§ **YOUR GOAL**: Transcribe the listing below only from the line with "a woman standing" up to and including the line with "Bright, open kitchen".

*** EXERCISE MATERIAL ***

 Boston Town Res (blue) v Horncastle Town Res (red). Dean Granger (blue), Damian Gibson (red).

*** End of EXERCISE MATERIAL ***
*** EXERCISE MATERIAL ***

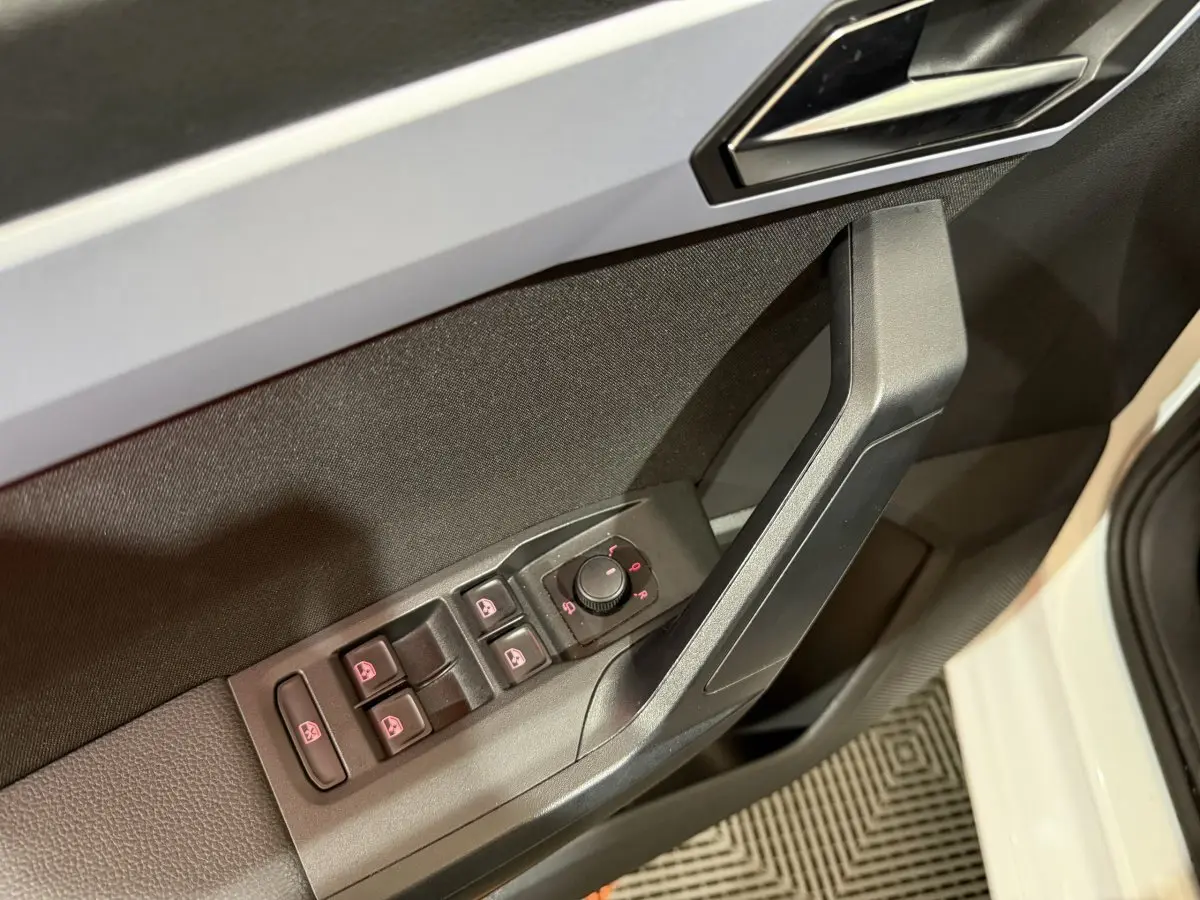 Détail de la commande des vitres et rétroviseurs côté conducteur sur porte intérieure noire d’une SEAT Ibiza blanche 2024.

*** End of EXERCISE MATERIAL ***
*** EXERCISE MATERIAL ***

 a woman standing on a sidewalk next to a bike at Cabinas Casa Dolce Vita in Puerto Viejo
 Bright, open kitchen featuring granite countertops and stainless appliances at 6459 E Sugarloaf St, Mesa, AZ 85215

*** End of EXERCISE MATERIAL ***

§ **WORKED SOLUTION**:
 a woman standing on a sidewalk next to a bike at Cabinas Casa Dolce Vita in Puerto Viejo
 Bright, open kitchen featuring granite countertops and stainless appliances at 6459 E Sugarloaf St, Mesa, AZ 85215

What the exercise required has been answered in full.